Supplied data –
----------------

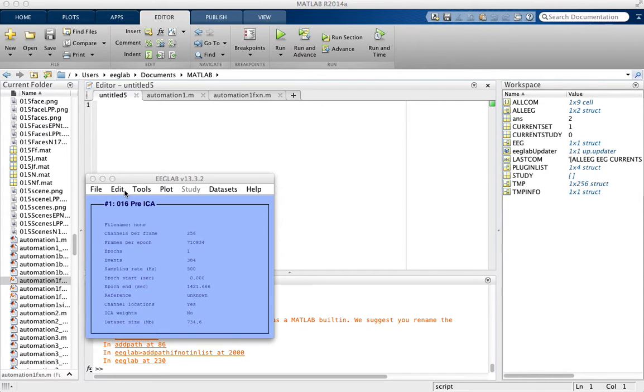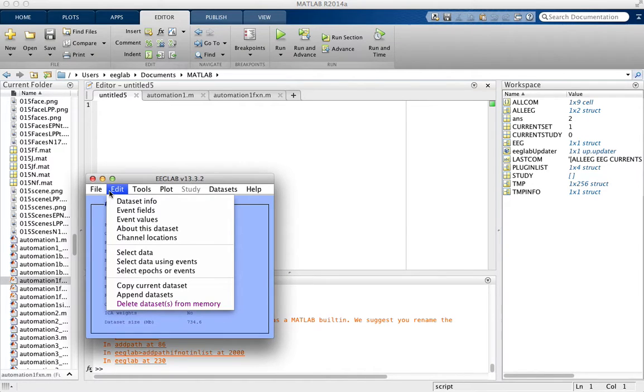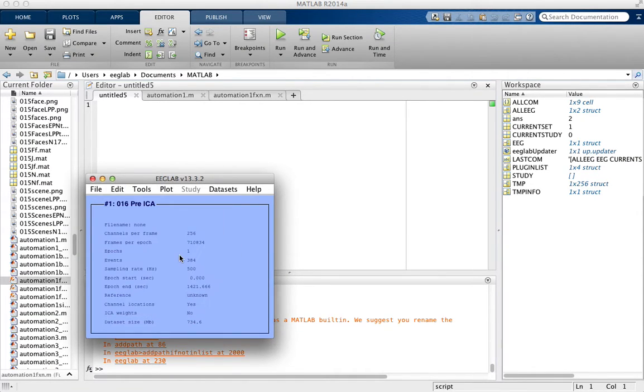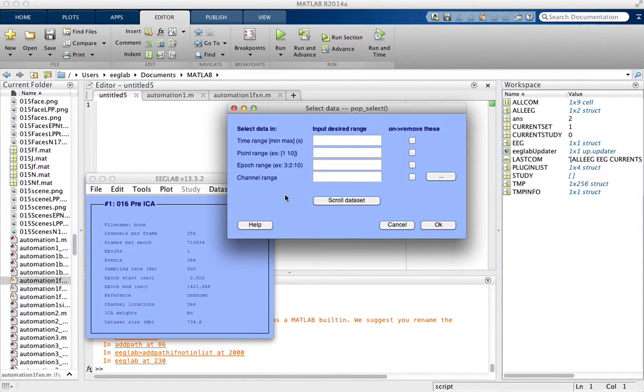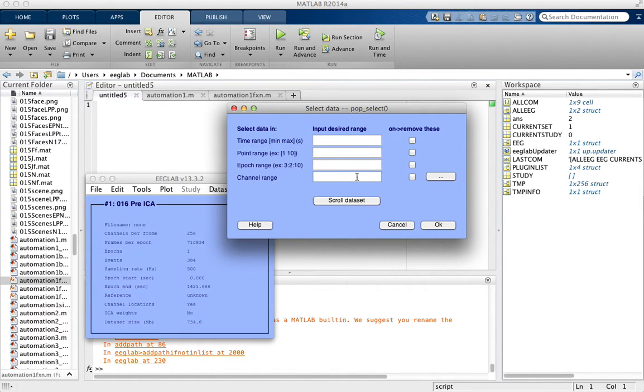So in order to do that, click Edit, Select Data, Channel, and we're going to be looking at this line, Channel Range here.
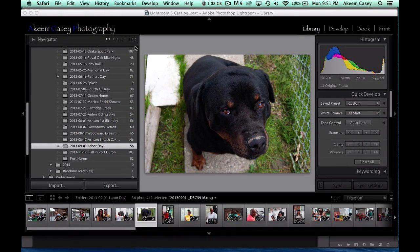Hey, what's up YouTube, Akeem here again. About to give you a quick tutorial on how to edit a photo in Photoshop and save it so it automatically syncs to your Lightroom. It's a fairly simple process.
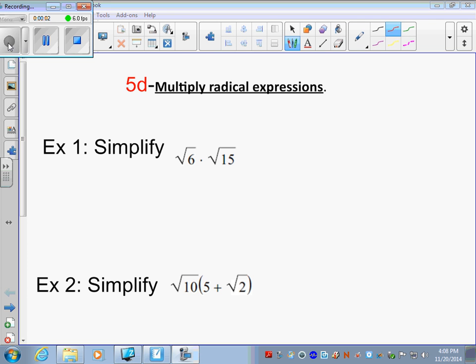Today you'll be doing multiplying radical expressions, learning target 5D. Let's just jump right into it.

----------------

Task objective –
Write out the whole listing exactly, and drop the pictures.

Written answer –
So in order to do that, click Edit, Select Data, Channel, and we're going to be looking at this line, Channel Range here.
Hey, what's up YouTube, Akeem here again. About to give you a quick tutorial on how to edit a photo in Photoshop and save it so it automatically syncs to your Lightroom. It's a fairly simple process.
Today you'll be doing multiplying radical expressions, learning target 5D. Let's just jump right into it.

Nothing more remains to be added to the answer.